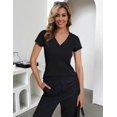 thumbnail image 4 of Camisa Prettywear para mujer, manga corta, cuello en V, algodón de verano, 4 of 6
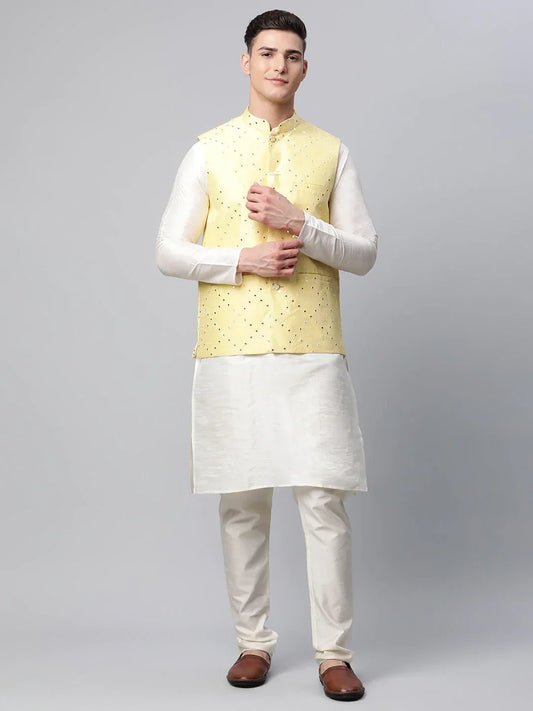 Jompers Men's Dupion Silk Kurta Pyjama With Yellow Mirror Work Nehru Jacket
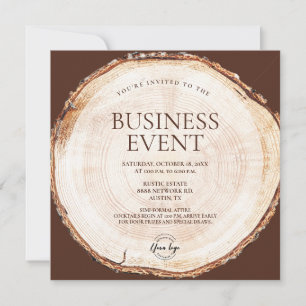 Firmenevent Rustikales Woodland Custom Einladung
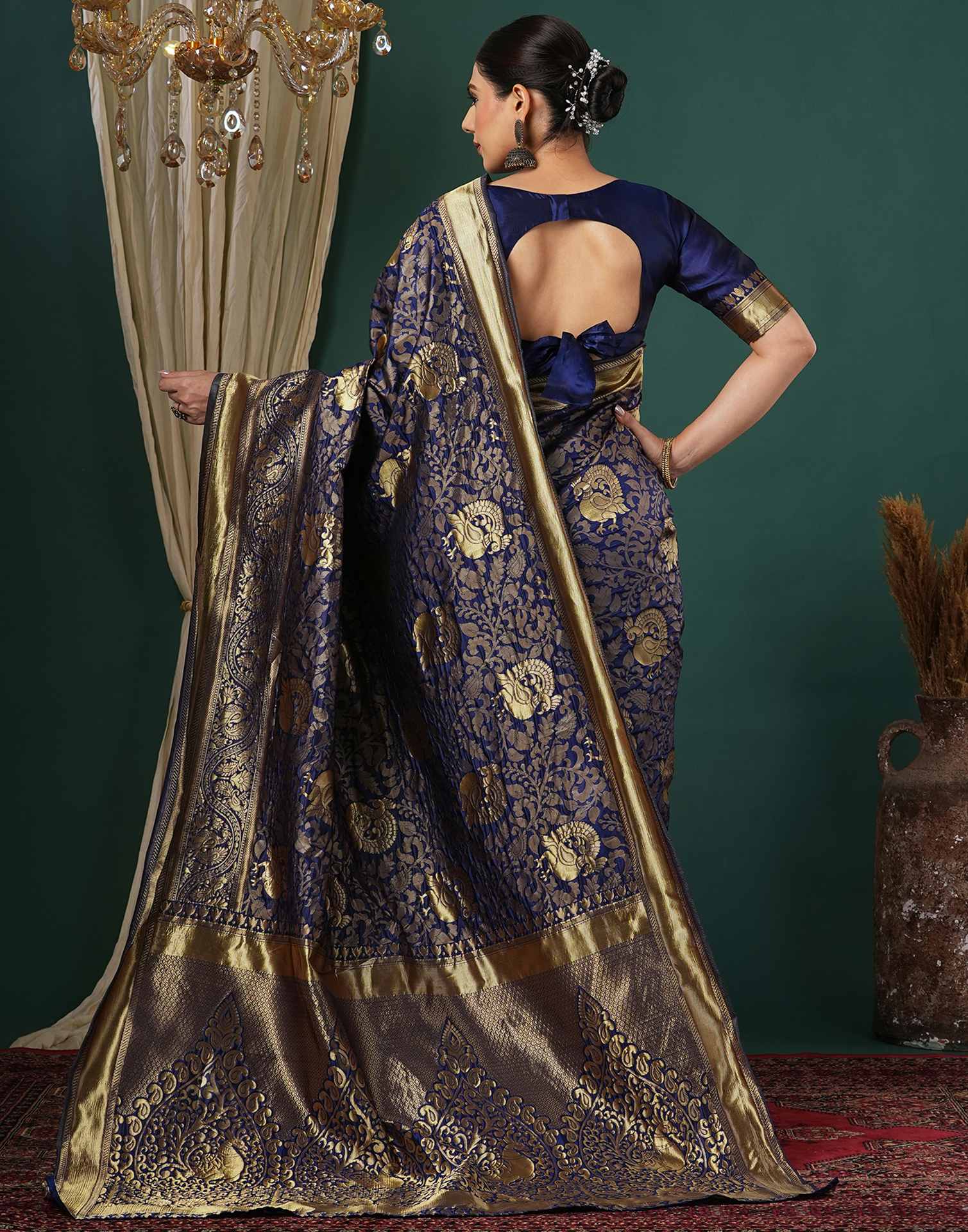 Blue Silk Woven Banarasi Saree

────

**EXERCISE REQUIREMENTS:** Any picture in the listing is to be omitted. Return exactly the lines from the one containing "Jompers Men's Dupion" through its last line, both included, and only those.

**OUTPUT:**
 Jompers Men's Dupion Silk Kurta Pyjama With Yellow Mirror Work Nehru Jacket
 Firmenevent Rustikales Woodland Custom Einladung
 Blue Silk Woven Banarasi Saree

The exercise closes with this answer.